While most drivers know that car theft is a real risk, many aren’t aware of another vehicle-related crime that can affect their safety along with their auto insurance rates – the risk of having their air bags stolen or being victimized by air bag fraud.
“As more and more cars came equipped with air bags, we saw an increase in air bag theft,” says Kip Diggs, a spokesman for State Farm.
Although that increase has leveled off since the mid-1990s, Diggs says, it still costs insurance companies and their customers millions of dollars a year. While it's difficult to gauge the effect of a specific kind of theft on insurance premiums, air bag theft does put a dent in the optional comprehensive portion of your premium, which covers theft-related claims, Diggs says. Air bags are standard equipment on new vehicles.
Typically, a rash of air bag thefts will occur at one time, says Frank Scafidi, a spokesman for the National Insurance Crime Bureau. “If there’s a concentration of vehicles, thieves will hit a place and maybe break into eight, nine, 10 or 15 vehicles,” Scafidi says.
Theft yields big payoff
The payoff for crooks can be high. A new air bag can cost about $1,000 from a car dealer, so a disreputable repair shop could buy a stolen air bag on the black market for between $50 and $200, charge the customer the market rate and pocket the difference, the National Insurance Crime Bureau says.
An estimate of how many air bags are stolen each year isn't available.
State Farm and other auto insurers have been working with automakers and air bag suppliers to come up with solutions to the problem of air bag theft.
“We have found ways to make air bags more difficult to steal -- for example, making the car itself harder to break into, and designing the air bag module so that it can be removed only with a special tool,” Diggs says.
Another way the problem has been dealt with has been to lower the cost of some air bags, “lessening the incentive to steal them,” Diggs says.
States crack down
While the theft of any car part is undesirable, air bag theft is particularly detrimental because of the safety risks it can pose to drivers. If an air bag is stolen and reinstalled improperly or doesn’t function like it's supposed to, a driver can be seriously injured or killed if the air bag doesn’t deploy properly in an accident.

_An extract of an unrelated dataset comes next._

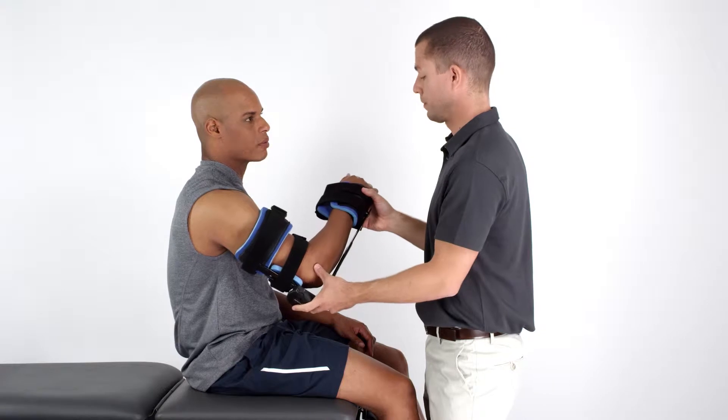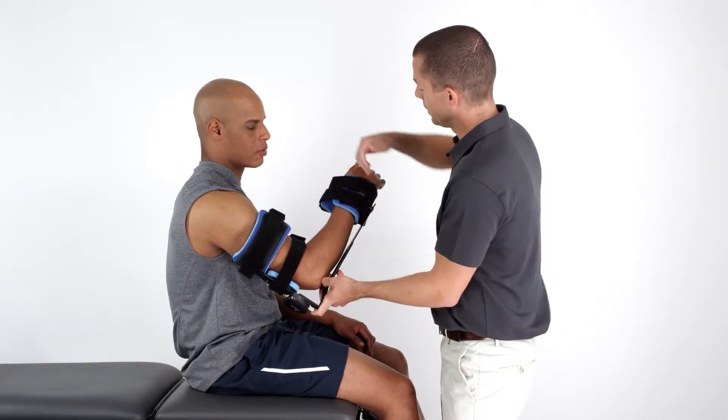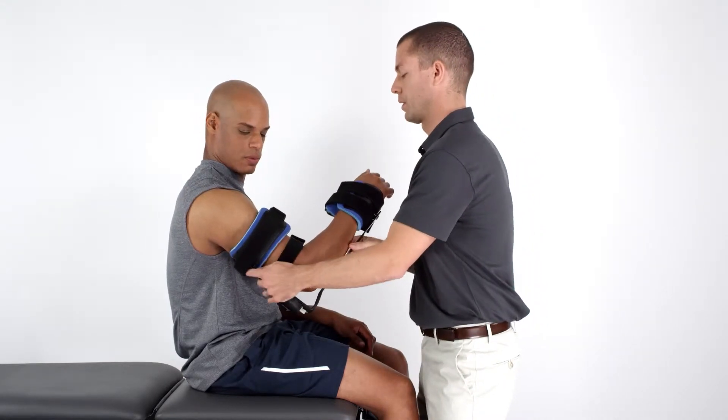Adjust the distal cuff to a length that positions the hand properly within the cuff. The proximal strut should not impinge on the medial axillary area.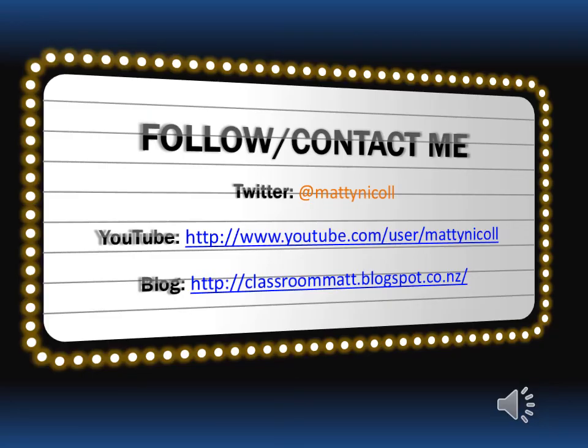Here are some ways to follow or keep in touch with me. If you're an educator, please feel free to follow me on Twitter and I'll follow you back. There's my YouTube channel and my professional blog, where you'll find most of the other ideas I've come up with regarding teaching and learning in my classroom. Thanks for listening and I hope you've got something useful out of this today.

To confront the issue of air bag fraud, the National Conference of Insurance Legislators in 2009 drafted language that state insurance regulators could use to create legislation targeting air bag fraud. This language suggested criminal penalties for fraudulently installing or reinstalling an air bag. It also recommended severe penalties for those who committed air bag fraud that led to the death or serious injury of a driver or passenger.
Rhode Island, which adopted legislation targeting air bag fraud in 2010, requires anyone who sells or installs a salvaged air bag to disclose that information, as well as maintain records of the air bag’s purchase -- giving consumers a paper trail showing that an air bag was purchased legitimately.
Even in states where there are no laws governing air bags, consumers who think they’ve been ripped off by air bag fraud can contact their state’s attorney general to file a complaint.
An ounce of prevention
To prevent air bag thefts, consumers should take the same precautions they’d take to avoid the theft of anything in their vehicles, Scafidi says. Among the suggestions:
• Keep your car locked when it's parked.
• Park in well-lit areas.
• Consider installing security devices such as alarms to deter thieves.
• Keep packages and other valuables out of sight so thieves have less of an incentive to break into your car.
If you’re having an air bag installed or buying a used car, the National Insurance Crime Bureau also recommends the following tips to avoid air bag fraud.
When having an air bag installed:
• Check the invoice to make sure the air bag actually was purchased from a manufacturer or dealer.
• Ask whether you can inspect the air bag before installation. Look for sealed packaging from the manufacturer.
When buying a used car:
• Make sure the cover over the steering column is the same color as the interior. If the colors are different, this could indicate the original air bag was replaced, because “when thieves try to rip them out of the dashboard, they’ll cut through the plastic,” Scafidi says.
• Be sure the indicator for the air bag system lights up on the instrument panel when you turn on the vehicle’s ignition, the bureau says. If the light doesn’t come on, there could be a problem with the system, meaning the air bags might not be activated in an accident.